One of the main surprises is the same in both movies. Before spoiling anything I would like to say that if you are a diehard horror fan then you will have no problem watching either of these films. They both develop scary situations and scary problems without having teenagers butchered by a madman with a knife or jump scares and a swirling ring of objects and a screaming priest. They avoid all that.

Now…

Spoilers…

In both movies the bad guys are trying to create demonic children. In both movies they have created children — many of them — who didn’t survive being born. They had kids over and over, trying to have a male child to be the Antichrist. In both movies some of the main Christian people are Satanic people, and the Christian people must fight the overwhelming power of the Satanic people.

This is fine. It’s effective. I just don’t understand how both movies had the same plot. Someone copied off of someone else. This is not the first time this has happened in Hollywood. Despicable Me and Mastermind are another example of this conceit. Also Deep Impact and Armageddon from twenty-five years ago. People regularly both come up with the same ideas at the exact same time — with the exact same plots and beats to deal with.

I don’t believe in coincidences.

So someone copied off of someone else’s paper.

This is bad.

I don’t like it — as a writer, this is shady.
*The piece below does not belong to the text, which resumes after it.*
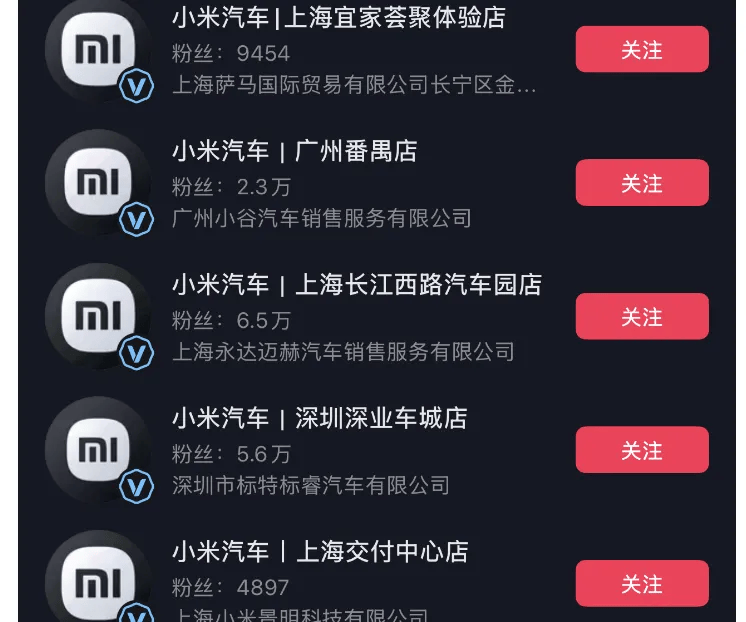 成都车祸后小米汽车直播间遭网暴<strong></p>
<p>四方达股票</strong>,雷军抖音一月掉粉35万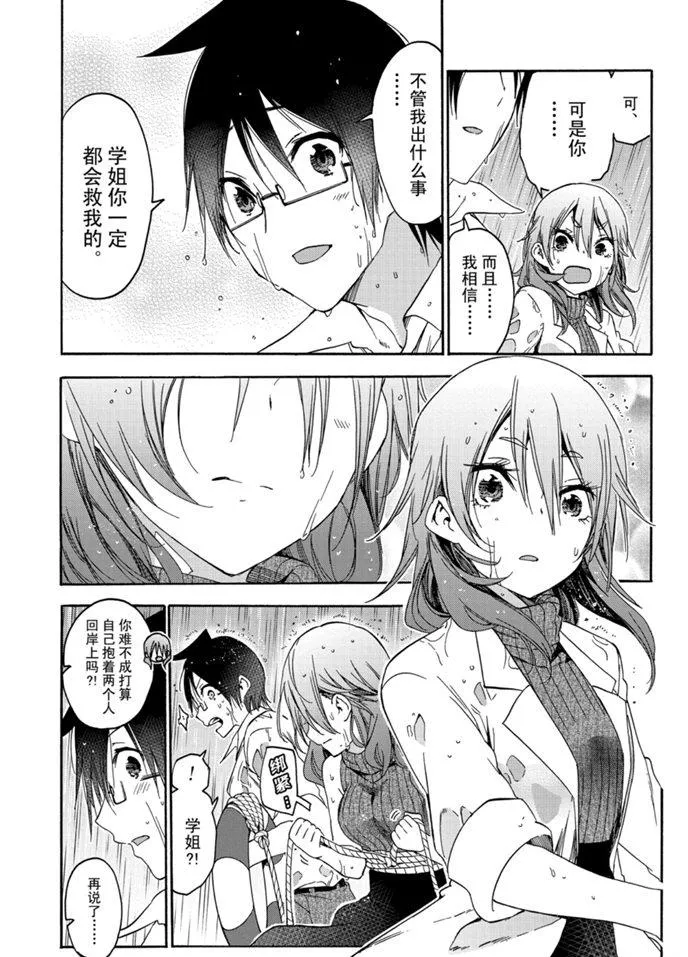 175 第5页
I am even more frustrated that there is no real way to know whose idea this was.

Quit copying on each other’s tests, Hollywood!

It isn’t cool.

I already reviewed Immaculate earlier so I’ll focus on The First Omen in the rest of this blog post…

There’s an effective set of scenes in which the nun — Margaret — is taken into a club to dance and drink and try to have adventures. There’s also a nice scare later when she talks to her guy friend — who she likes — and things go in a bad direction…
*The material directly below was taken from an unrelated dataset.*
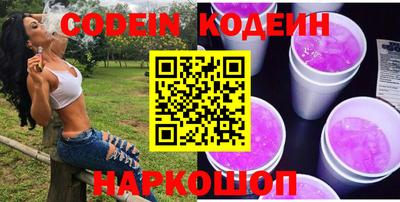 mix Гусев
Several bizarre deaths happen in this movie to deal with the fact that there isn’t a big bad guy killing all the nuns in the story. The movie is about ideas — scary ideas — and that’s fine. It doesn’t have a lot of big fights, just a terrifying situation in which a character is victimized.

Character progression happens when Margaret begins to realize that the people on the Christian side might somehow be on the Satanic side, and she cannot simply trust the people in her life. I liked that observation — that bad people are hiding amongst the good people.
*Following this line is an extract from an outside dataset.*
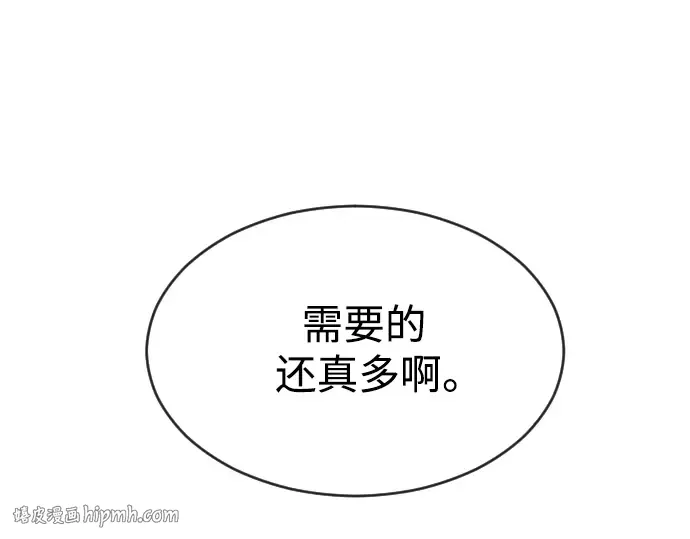 第二季 第26话 第56页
Tension builds slowly as the nuns and their convent seems stranger and stranger and ominous events happen and Satan appears more and more in their lives…

Then there’s the monkey man…

The other movie I saw recently was Monkey Man. It starred Dev Patel. He played Monkey Man — a character who didn’t convey his birth name to the audience of the movie. He’s a nameless Indian poor kid wanting to stop the corrupt assholes in charge of India — and trying to influence the Indian election.

In the movie his character is a vigilante trying to avenge the death of his mother and a lot of other poor people by the rich elite. He develops into a living weapon in order to fight back against the criminal elite.

This movie has lots of fight scenes and bad guys with screen time. This movie has bad guys drinking and smoking and killing moms and mistreating normal people in India.

Dev Patel gets a job as a dishwasher — and then a waiter — working for the people who killed his mom. He gradually learns everything that he wants to know in order to destroy all of his enemies. This is a superhero story with literary elements. He reminisces about his experiences growing up in the forest in India with his mother.

The tension in the movie builds when Monkey Man tries to con the rich corrupt people into thinking that he is happy being a mindless employee doing low-level service work for them.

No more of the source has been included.